VPN Client Kill Switch?

Testing the VPN client on my UDM Pro SE. Connects no problem to PIA’s servers. However, I’ve noticed that if the connection is paused, the devices/networks using the VPN just fall back to the default WAN connection.

Is there a way to set up a kill switch so this doesn’t happen?

I was able to add a kill switch using the firewall rules. Create a internet out rule where the source is the vlan that is connected to the vpn. Set the destination to any port/ip group. Set the rule to drop and set applied to after. With the vpn client paused I was unable to navigate to any web page or resolve any dns requests.

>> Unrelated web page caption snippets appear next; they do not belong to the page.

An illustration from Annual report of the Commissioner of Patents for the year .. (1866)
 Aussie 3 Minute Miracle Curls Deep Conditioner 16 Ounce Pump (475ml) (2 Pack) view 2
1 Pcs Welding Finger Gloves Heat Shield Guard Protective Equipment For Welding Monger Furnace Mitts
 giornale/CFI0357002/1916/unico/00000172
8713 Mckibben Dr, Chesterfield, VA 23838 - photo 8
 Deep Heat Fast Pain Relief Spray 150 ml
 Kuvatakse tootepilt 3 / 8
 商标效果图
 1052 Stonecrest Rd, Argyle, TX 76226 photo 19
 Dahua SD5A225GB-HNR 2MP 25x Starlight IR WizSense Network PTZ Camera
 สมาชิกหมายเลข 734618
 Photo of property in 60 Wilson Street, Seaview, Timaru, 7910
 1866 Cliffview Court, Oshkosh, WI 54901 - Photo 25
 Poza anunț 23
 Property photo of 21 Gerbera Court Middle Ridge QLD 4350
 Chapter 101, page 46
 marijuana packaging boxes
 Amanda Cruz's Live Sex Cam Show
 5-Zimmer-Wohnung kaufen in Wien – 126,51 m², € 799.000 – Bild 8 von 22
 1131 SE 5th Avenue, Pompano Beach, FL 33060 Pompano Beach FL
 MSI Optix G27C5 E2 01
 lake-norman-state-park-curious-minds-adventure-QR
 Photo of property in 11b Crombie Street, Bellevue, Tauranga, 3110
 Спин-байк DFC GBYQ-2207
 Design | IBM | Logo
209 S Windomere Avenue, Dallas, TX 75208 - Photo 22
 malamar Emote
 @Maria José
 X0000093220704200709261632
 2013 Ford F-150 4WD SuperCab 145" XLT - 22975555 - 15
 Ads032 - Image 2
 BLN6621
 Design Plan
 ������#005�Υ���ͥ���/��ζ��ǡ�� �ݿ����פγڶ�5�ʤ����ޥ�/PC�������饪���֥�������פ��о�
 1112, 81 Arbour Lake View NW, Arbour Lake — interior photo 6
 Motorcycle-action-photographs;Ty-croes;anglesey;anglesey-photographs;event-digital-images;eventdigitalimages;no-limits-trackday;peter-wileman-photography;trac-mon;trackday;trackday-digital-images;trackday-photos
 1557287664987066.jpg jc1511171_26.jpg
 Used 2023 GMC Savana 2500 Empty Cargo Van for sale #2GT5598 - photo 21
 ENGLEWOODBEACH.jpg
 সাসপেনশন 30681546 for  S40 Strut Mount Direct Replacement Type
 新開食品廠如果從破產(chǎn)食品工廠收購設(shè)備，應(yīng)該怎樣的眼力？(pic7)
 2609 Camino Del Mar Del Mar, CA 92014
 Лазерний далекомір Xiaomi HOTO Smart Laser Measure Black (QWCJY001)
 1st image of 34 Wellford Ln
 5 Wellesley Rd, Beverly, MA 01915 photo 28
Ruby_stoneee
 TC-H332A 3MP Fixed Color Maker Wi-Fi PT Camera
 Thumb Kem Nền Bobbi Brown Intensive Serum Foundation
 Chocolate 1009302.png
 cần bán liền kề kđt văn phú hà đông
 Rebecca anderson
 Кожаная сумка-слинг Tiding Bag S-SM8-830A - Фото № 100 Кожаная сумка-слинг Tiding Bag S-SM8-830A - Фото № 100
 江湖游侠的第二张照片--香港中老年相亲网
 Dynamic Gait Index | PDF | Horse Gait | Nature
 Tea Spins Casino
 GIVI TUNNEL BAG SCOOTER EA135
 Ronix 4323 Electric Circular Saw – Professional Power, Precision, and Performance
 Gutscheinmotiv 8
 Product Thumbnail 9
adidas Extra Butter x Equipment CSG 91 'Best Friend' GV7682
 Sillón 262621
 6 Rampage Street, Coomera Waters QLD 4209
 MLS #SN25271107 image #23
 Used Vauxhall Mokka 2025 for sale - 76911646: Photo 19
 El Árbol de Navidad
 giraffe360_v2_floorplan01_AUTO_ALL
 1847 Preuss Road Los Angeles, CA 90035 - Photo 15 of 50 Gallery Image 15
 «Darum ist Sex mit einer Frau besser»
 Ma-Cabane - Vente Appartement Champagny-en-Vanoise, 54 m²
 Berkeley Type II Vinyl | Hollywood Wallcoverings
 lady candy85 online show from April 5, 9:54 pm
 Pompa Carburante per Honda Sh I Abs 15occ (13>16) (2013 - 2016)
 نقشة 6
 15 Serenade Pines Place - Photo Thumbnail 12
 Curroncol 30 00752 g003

Not sure on your device, but this is done all the time with pfsense and PIA. Google PIA pfsense killswitch and you’ll find lots of examples. Perhaps one can help in the config.

Must be out of the loop on this.

u/everythingguy12 Do you mean like this? on Network 7.4.156:
Type: Internet Out
Description: VPN Kill Switch
Rule Applied: After
Action: (*) Drop
IPv4 Protocol: All

Source
Source Type: Network
Network: UK VPN
Network Type: IPv4 Subnet
MAC Address:
Destination
Destination Type: Port/IP Group
IPv4 Address Group: Any
Port Group: Any
Advanced: [Auto]

Also curious if you can explain how this kills the traffic without affecting the VPN traffic (I’m newer to firewalls)? Am I correct in understanding that the VPN bypasses the firewall because it’s encrypted? So when it fails and is not, it runs into the firewall?

Sorry about amp version

Did you ever figure this out?

KBinCanada - Did you have to create an entire network to server your VPN to the clients or did you simply add a traffic route. The reason I’m asking is, my VPN client doesn’t show up in the source network.

That is exactly how I have mine configured. I believe it works because the rule is applied after. So the VPN would route the traffic before it even hits this rule in the firewall.

Yup. Works exactly as I explained above. Put the rule in my firewall and it kills the traffic from the vlan if it detects it.

I would imagine the same type of rule for “internet in” is not necessary, because if it drops, the website/server upstream of the vpn would not re-establish or have knowledge of my public ip anyway?

Are you saying that your hypothesis about the VPN being encrypted is the way that this works in practice?
Otherwise I could hypothesise myself that the VPN routing rule has a higher priority and thus we never reach the killswitch rule in the firewall if the VPN is active.